Dividido em quatro tópicos, foram registrados 429 casos de violência contra indígenas, dos quais 20 foram de violência sexual. Um dos registros, envolve um indígena de 44 anos, que foi atendido na Unidade de Pronto-Atendimento (UPA) de Cruzeiro do Sul (AC), em janeiro de 2024, após ser vítima de estupro em uma cela da Penitenciária Manoel Neri da Silva. Ele compartilhava a cela com mais quatro detentos e foi encontrado sangrando. Em depoimento, a vítima relatou ter sido espancada pelos outros presos, ter perdido os sentidos e, quando acordou, já estava sangrando e foi levado para a UPA. O relatório não cita que providências foram tomadas depois.

O caso da indígena Kokama do Amazonas, embora tenha ocorrido entre novembro de 2022 e agosto de 2023, não consta nos relatórios do Cimi, porque veio a público somente neste mês de julho.
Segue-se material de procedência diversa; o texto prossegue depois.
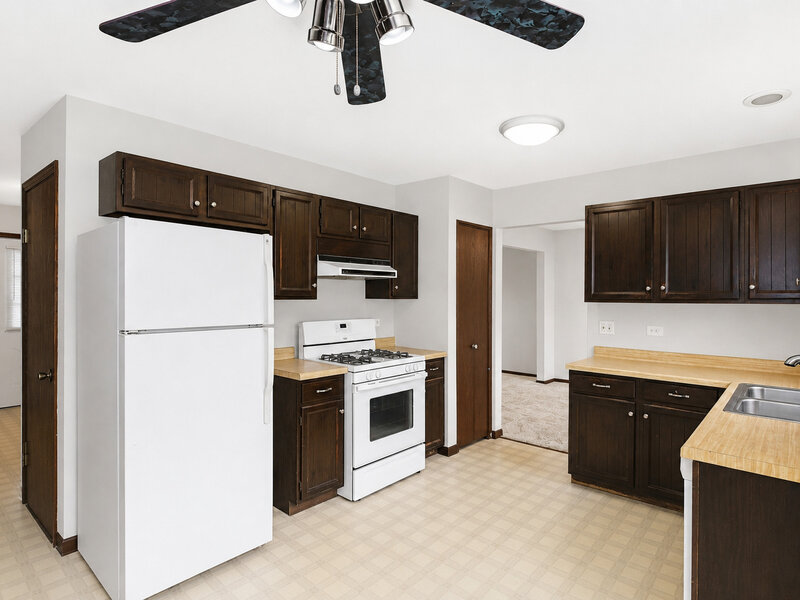 107 S Elroy Avenue Bartlett IL 60103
Mas a instituição promete inseri-lo no documento de 2025, que está em fase de preparação.
Para Dom Leonardo, que além de presidente do Cimi é arcebispo de Arquidiocese de Manaus (AM), a situação da indígena é aterrorizante e mostra um problema do Estado em não assegurar os direitos das mulheres e indígenas, além do racismo que perpassa os povos originários em todo o País.
“É o Estado que está abusando de uma mulher indígena, e de uma mulher indígena que tem um filho, e o filho presenciou tudo. Isso é de uma brutalidade enorme. (…) Primeiro porque ela é mulher e indígena, isso é de um racismo que existe na sociedade brasileira em relação aos indígenas. Esse modo de encarar o indígena como uma pessoa qualquer, não como participante, como agente da sociedade”, avaliou o cardeal.
Steiner assegura que o Cimi irá acompanhar o caso para levar a outras instâncias, mas afirma que é preciso reconhecer que nem todas as delegacias estão dotadas de celas para homens e mulheres, e isso precisa ser resolvido. “As mulheres têm a sua dignidade e os seus direitos, e toda delegacia deveria ter uma cela para mulheres e para homens. Já tivemos no passado essa dificuldade que agora se repete. Agora a repetição atual é gravíssima”, disse.

O coordenador do relatório do Cimi, Roberto Antonio Liebgot, informou que o registro da violência será feito no documento do próximo ano, como estupro continuado, porque vinha ocorrendo de um ano para outro. Para o coordenador, assim como estes, deve haver outros casos que nunca vieram a público com outras mulheres indígenas passando pelas mesmas brutalidades e violência.
Liegbot informou que o Cimi já realizava um levantamento sobre os encarcerados indígenas em presídios do Brasil e o caso do Amazonas mostrou a necessidade de se avançar em outros sistemas de controle, como as delegacias. “Ela foi uma escrava sexual dentro da cadeia, tanto de policiais como de presos. É de uma brutalidade sem limites. Então esse controle social de fato precisa ser feito”, afirmou.
Os policiais militares denunciados pela indígena tiveram a prisão decretada e o Ministério Público Estadual (MPE), a Defensoria Pública, o Ministério dos Povos Indígenas (MPI) e a Fundação Nacional dos Povos Indígenas (Funai) acompanham o caso.